Russian scientists are evacuating a research station built on an Arctic ice floe because global warming has melted the ice to a fraction of its original size, a spokesman said.

The North Pole-35 station, where 21 researchers and two dogs live in huts, will be taken off the floe in the western Arctic Ocean this week instead of in late August as originally planned, said Sergei Balyasnikov of the Arctic and Antarctic Research Institute in St. Petersburg.

The research crew landed in early September on the 1.2- by 2.5-mile floe near the Severnaya Zemlya archipelago. During its westward drift of more than 1,550 miles, the floe shrank to just 1,000 by 2,000 feet.

"The evacuation is ahead of schedule because of global warming," Balyasnikov said.

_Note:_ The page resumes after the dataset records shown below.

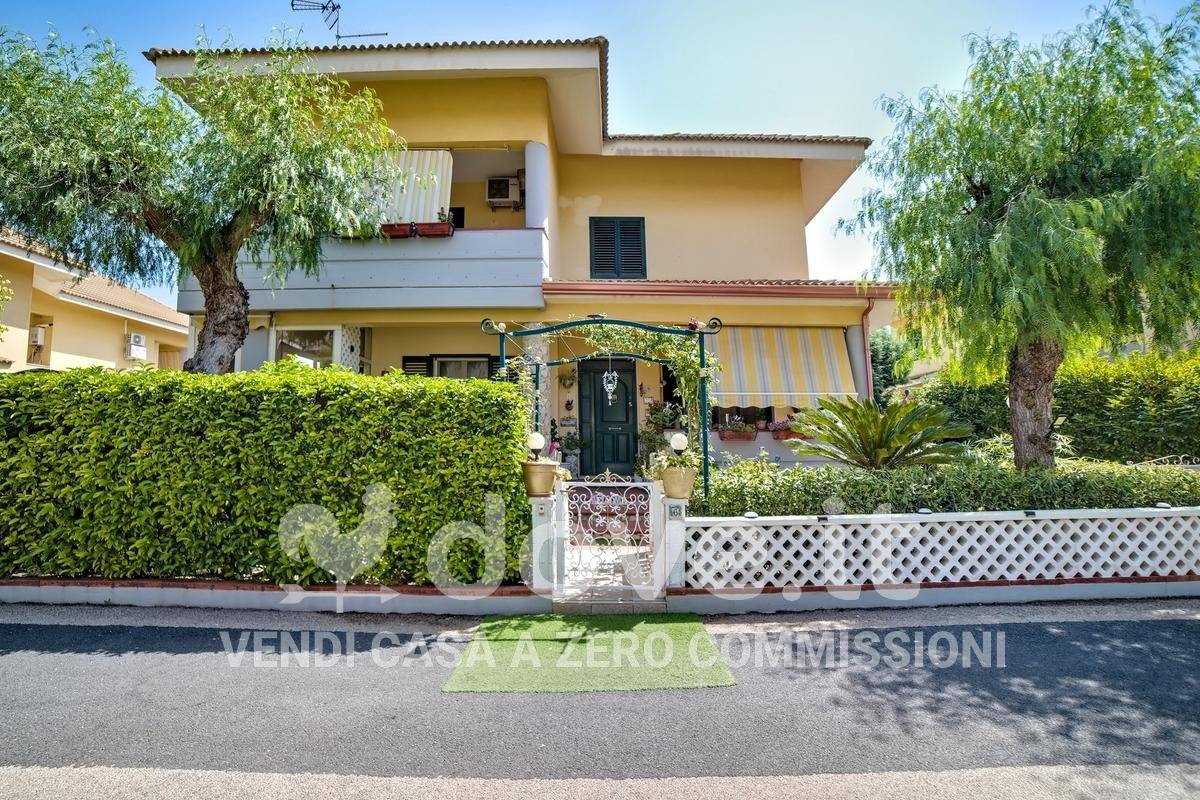 3 bedrooms Villa in Priolo Gargallo, Italy No. 262795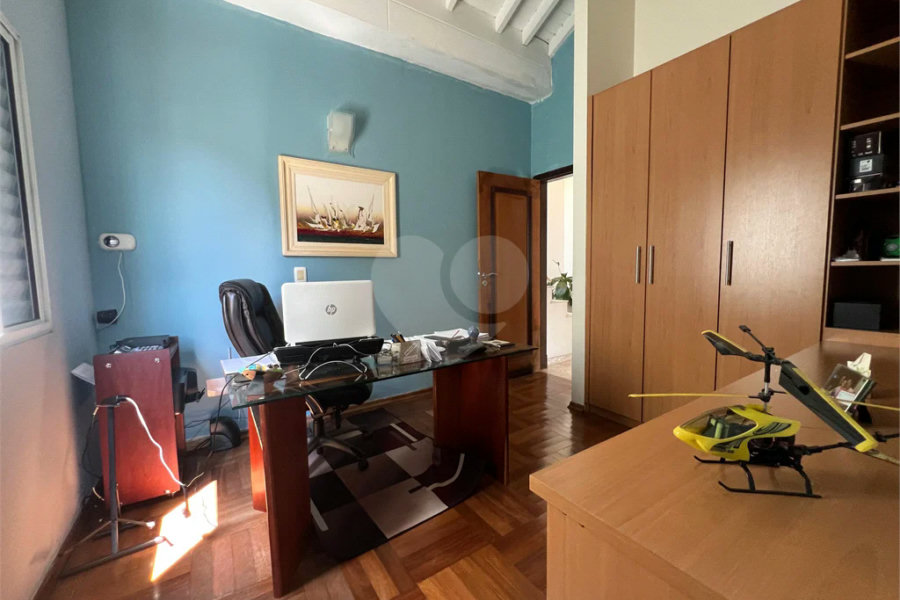 Luxuoso Sobrado com 4 Suítes, Elevador e Espaço Gourmet no Tremembé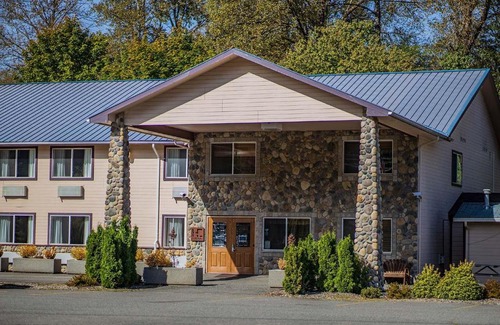 Packwood Hotel | Crest Trail Lodge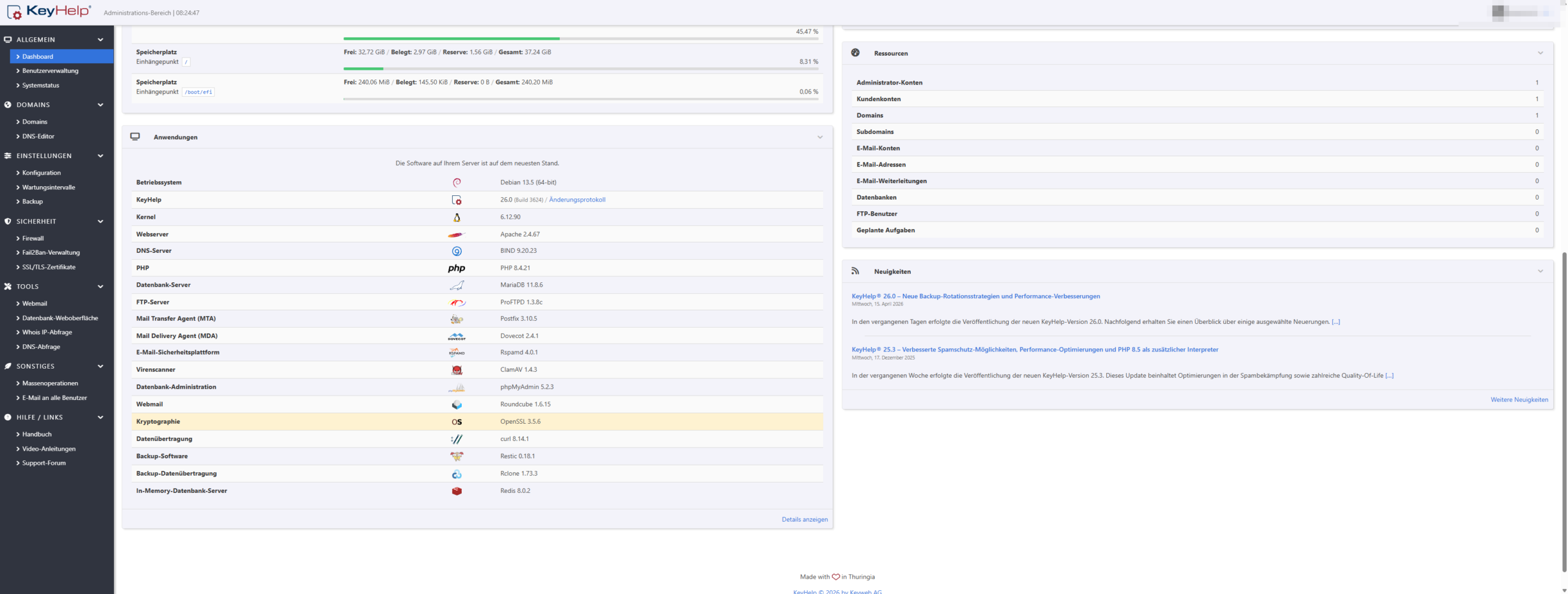 KeyHelp Admin-Dashboard mit Anwendungsliste und Versionsständen, alles aktuell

The nuclear-powered icebreaker Arktika will escort the research vessel Mikhail Somov to the station, which is drifting between the Franz Josef Land archipelago and the island of Novaya Zemlya in the western Arctic.

The researchers are packing up their winterized huts and equipment to prepare for the ships' arrival, Balyasnikov said.

Over the last 60 years, Russia has organized dozens of stations that collect data on weather and Arctic flora and fauna. Soviet polar researchers were hailed as heroes, and the results of their journeys were once hailed as unique achievements of Communist science.

Russia recently resumed the tradition of using polar research to make political points.

Russia last year sent an expedition to plant a Russian flag on the seabed under the North Pole and said research indicates a massive underwater mountain range in the area, which is believed to contain huge oil and gas reserves, is part of Russia's continental shelf.